This semester I'm begining what (I hope) will be my last major revision to "The Deprofessionalization of Journalism", an essay which began as an MA Thesis and then, under the stimulating and productive influence of my readings in the sociology of the professions, morphed into the draft paper you see linked above. The current (and last?!?) revision will take into account my growing interest in a specific domain of the sociology of the professions-- professional claims to expert knowledge-- my current (and last!) class on the sociology of expertise, comments from various readers of the previous paper, and a few weeks to refect on the previous draft. With any luck, the latest draft might be publishable (or at least conference-presentable) and might serve as the general theoretical backdrop to my dissertation (ie, Chapter One).

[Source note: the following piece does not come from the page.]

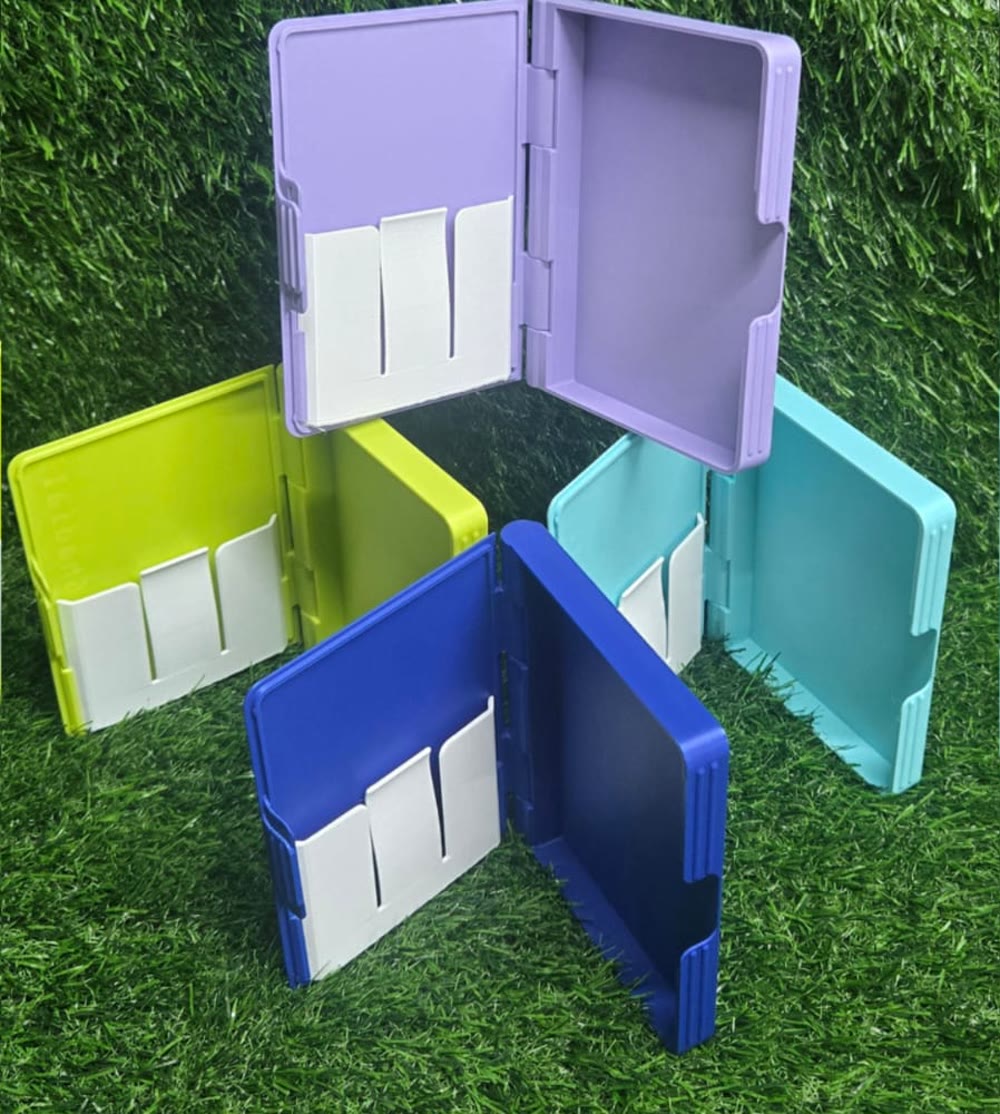Four printed passport and card holders in purple, lime, blue and teal, open on grass.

As a side note: I am really starting to feel the need and the urge to put this theoretical mumbo-jumbo behind me and get a plan together to get out into the field and actually start to "find things out." I suppose this is at it should be-- a prof. once told me that its easy to get lost in "theory" and eventually you just need to stop thinking and start working.

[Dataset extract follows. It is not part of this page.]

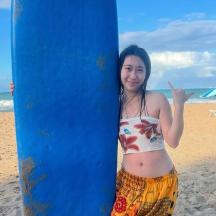 a woman standing next to a blue surfboard on the beach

The (new-ish) outline of my latest draft go something along thse lines (I want to get this outline written before I heavily reexamine my draft so the outline will guide my revisions, rather than the other way around):
A. Introduction
B. Journalism as a Profession and Object of Study
1. Journalism as a profession (mostly the professional literature itself)
2. Journalism as an ethnographic domain
3. Historical perspectives on profession of journalism
4. New approaches to the journalism profession
a. Journalism as a field (Benson, et. al.)
b. Rosen
c. Singer
d. Deuze
C. Sociological Perspectives: From "Professions" to "Expert Knowledge."
1. Functional perspectives
2. The stuctural / monopoly perspective
3 . Professions as a claim to expert knowledge
D. Journalism and the Epistemology of News
1. Does journalism make a claim to expert knowledge?
2. Erkstrom
3. Matheson
4. Lowry
5. Reexamining journalism and the professions through the "epistemological lens."
E. Avenues for Future Research: tying work into theory
Excellent paper Chris. If I want to refer to it in a print paper, should I refer this webposting or do you plan to publish it somewhere (off or online)?
Posted by: Olaf | February 24, 2006 at 06:22 AM
Hi Olaf,
Thanks for the compliment. Feel free to refer to it by its online url, just please put "draft" in the cite when and if you were to cite it.